- _Task objective_: Where a record contains an image, leave the image out and print the rest exactly.

[Web page caption snippets]

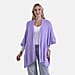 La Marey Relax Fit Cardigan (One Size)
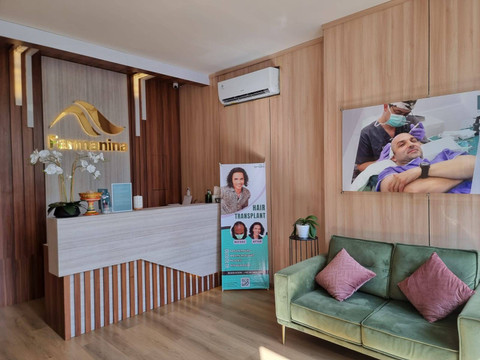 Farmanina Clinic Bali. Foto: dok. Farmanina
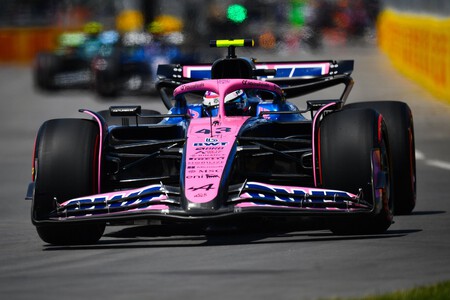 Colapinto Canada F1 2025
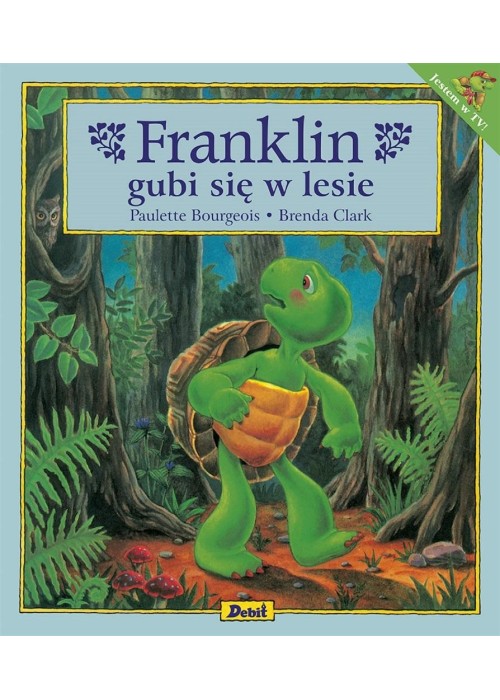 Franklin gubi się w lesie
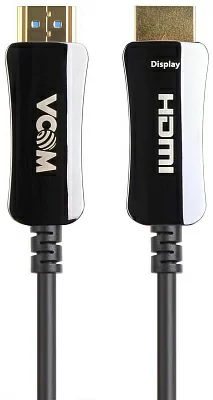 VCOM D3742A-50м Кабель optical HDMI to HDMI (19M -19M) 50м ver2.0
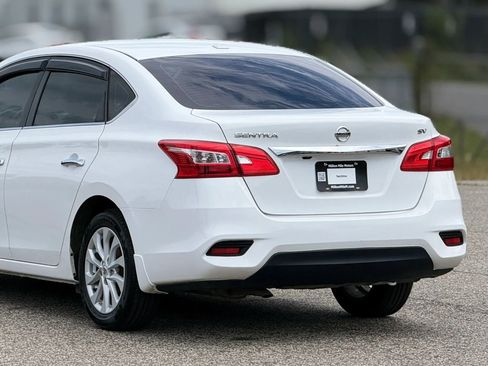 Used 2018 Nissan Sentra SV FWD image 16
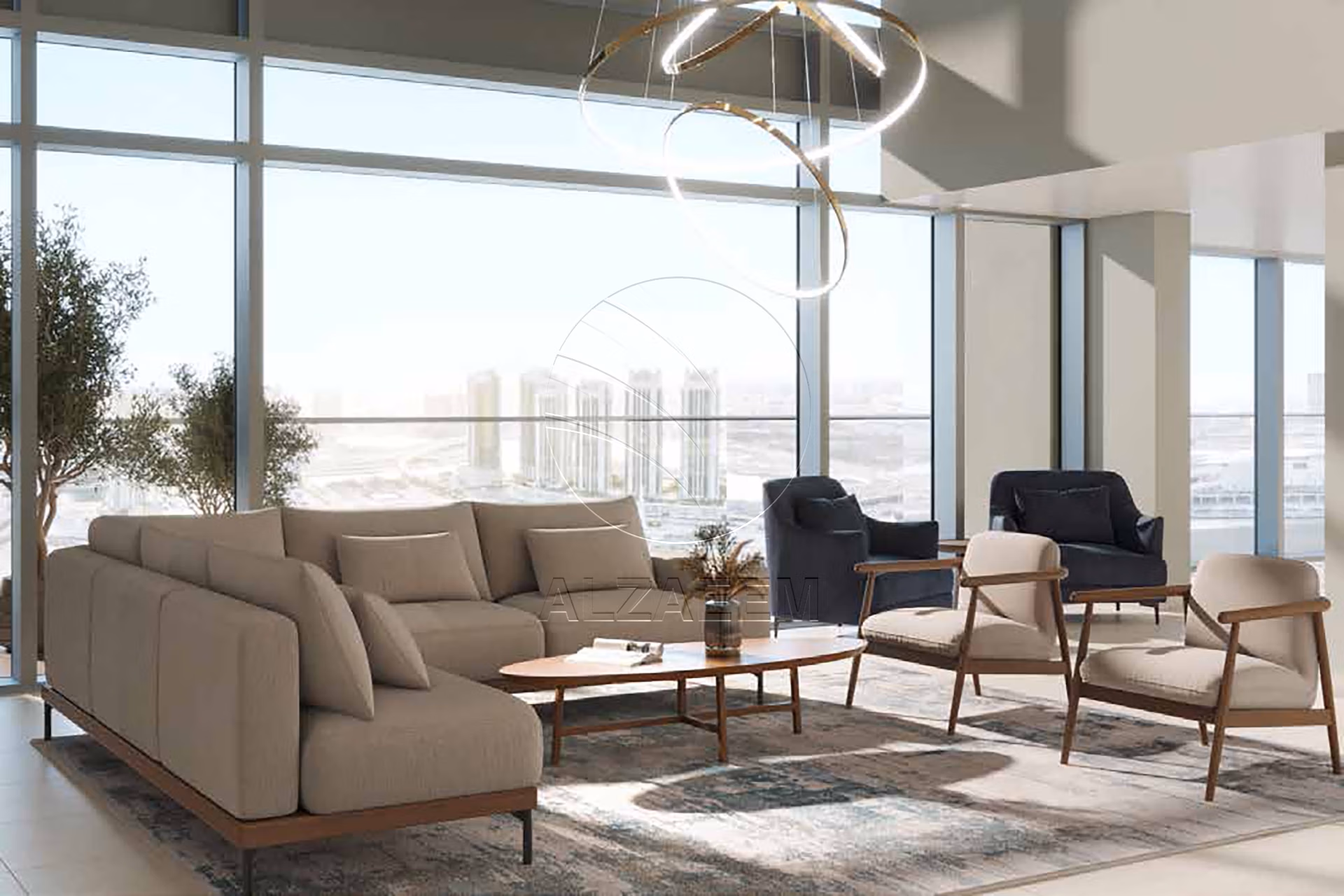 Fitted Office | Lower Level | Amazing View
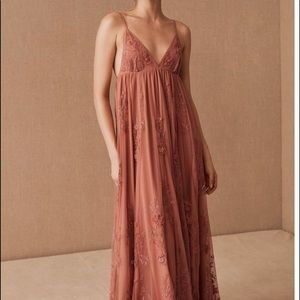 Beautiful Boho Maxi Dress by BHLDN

- _Answer below_:
 La Marey Relax Fit Cardigan (One Size)
 Farmanina Clinic Bali. Foto: dok. Farmanina
 Colapinto Canada F1 2025
 Franklin gubi się w lesie
 VCOM D3742A-50м Кабель optical HDMI to HDMI (19M -19M) 50м ver2.0
 Used 2018 Nissan Sentra SV FWD image 16
 Fitted Office | Lower Level | Amazing View
 Beautiful Boho Maxi Dress by BHLDN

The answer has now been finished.